Deep Lake vs WebDatasets Deep Lake and WebDatasets both offer rapid data streaming across networks. They have nearly identical steaming speeds because the underlying network requests and data structures are very similar. However, Deep Lake offers superior random access and shuffling, its simple API is in python instead of command-line, and Deep Lake enables simple indexing and modification of the dataset without having to recreate it.
Deep Lake vs Zarr Deep Lake and Zarr both offer storage of data as chunked arrays. However, Deep Lake is primarily designed for returning data as arrays using a simple API, rather than actually storing raw arrays (even though that's also possible). Deep Lake stores data in use-case-optimized formats, such as jpeg or png for images, or mp4 for video, and the user treats the data as if it's an array, because Deep Lake handles all the data processing in between. Deep Lake offers more flexibility for storing arrays with dynamic shape (ragged tensors), and it provides several features that are not naively available in Zarr such as version control, data streaming, and connecting data to ML Frameworks.

Community

Join our Slack community to learn more about unstructured dataset management using Deep Lake and to get help from the Activeloop team and other users.

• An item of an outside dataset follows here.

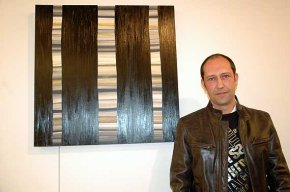 S'inaugura a la sala Àgora l'exposició "Aquí i allí. Entre el blanc i el negre" d'Àlvar Calvet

We'd love your feedback by completing our 3-minute survey.

As always, thanks to our amazing contributors!

Made with contributors-img.

Please read CONTRIBUTING.md to get started with making contributions to Deep Lake.

README Badge

Using Deep Lake? Add a README badge to let everyone know:

deeplake

[![deeplake](https://img.shields.io/badge/powered%20by-Deep%20Lake%20-ff5a1f.svg)](https://github.com/activeloopai/deeplake)

Disclaimers

Dataset Licenses

Deep Lake users may have access to a variety of publicly available datasets. We do not host or distribute these datasets, vouch for their quality or fairness, or claim that you have a license to use the datasets. It is your responsibility to determine whether you have permission to use the datasets under their license.

If you're a dataset owner and do not want your dataset to be included in this library, please get in touch through a GitHub issue. Thank you for your contribution to the ML community!

Usage Tracking

By default, we collect usage data using Bugout (here's the code that does it). It does not collect user data other than anonymized IP address data, and it only logs the Deep Lake library's own actions. This helps our team understand how the tool is used and how to build features that matter to you! After you register with Activeloop, data is no longer anonymous. You can always opt-out of reporting using the CLI command below, or by setting an environmental variable BUGGER_OFF to True:

activeloop reporting --off

Citation

If you use Deep Lake in your research, please cite Activeloop using:

@article{deeplake,
  doi = {10.48550/ARXIV.2209.10785},
  url = {https://arxiv.org/abs/2209.10785},
  author = {Hambardzumyan, Sasun and Tuli, Abhinav and Ghukasyan, Levon and Rahman, Fariz and Topchyan, Hrant and Isayan, David and Harutyunyan, Mikayel and Hakobyan, Tatevik and Stranic, Ivo and Buniatyan, Davit},
  title = {Deep Lake: a Lakehouse for Deep Learning},
  publisher = {arXiv},
  year = {2022},
}

Acknowledgment

This technology was inspired by our research work at Princeton University. We would like to thank William Silversmith @SeungLab for his awesome cloud-volume tool.